> [Data segment]:
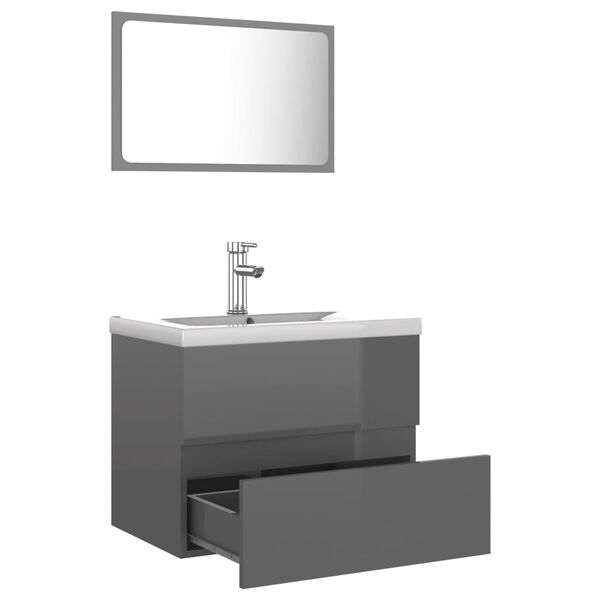 vidaXL Bathroom Furniture Set High Gloss Grey Engineered Wood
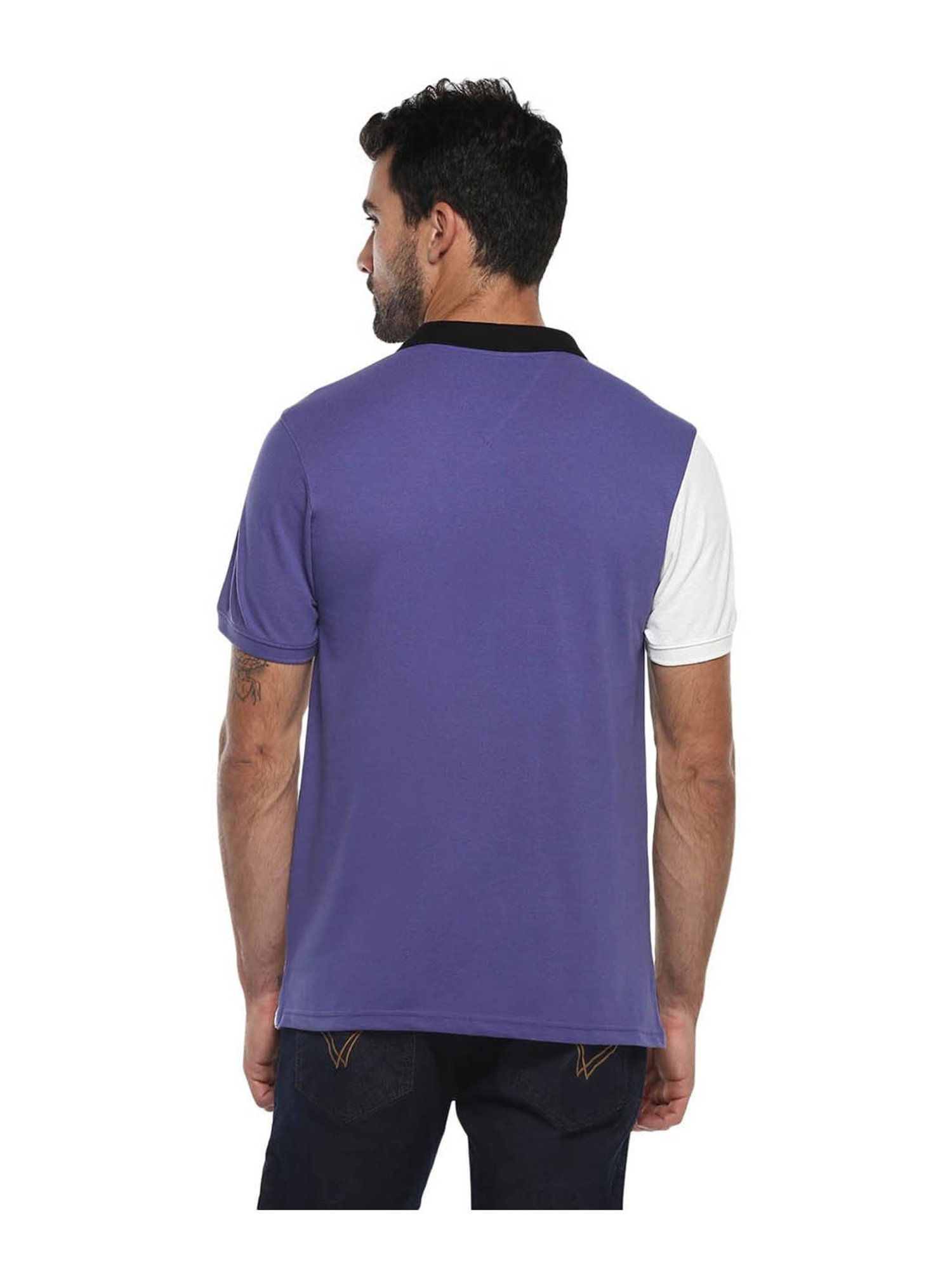 Red Chief Black & White Colour-Block Polo T-Shirt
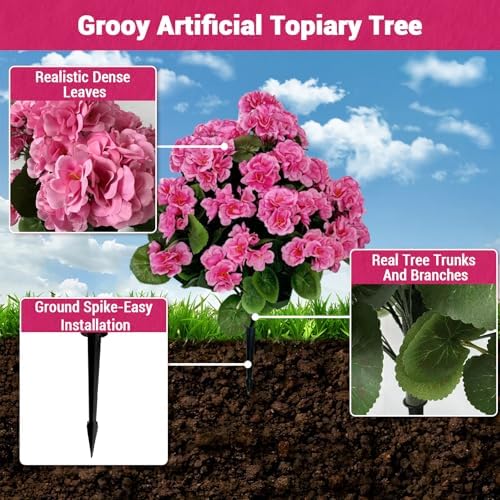 GarveeHome Artificial Lavender Begonia Ball Trees 2 Set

> [Aim of the task]: Begin with the line that contains "Red Chief Black" and repeat every line through the end of the data, exactly and only those lines, leaving out the pictures.

> [Problem solution]:
 Red Chief Black & White Colour-Block Polo T-Shirt
 GarveeHome Artificial Lavender Begonia Ball Trees 2 Set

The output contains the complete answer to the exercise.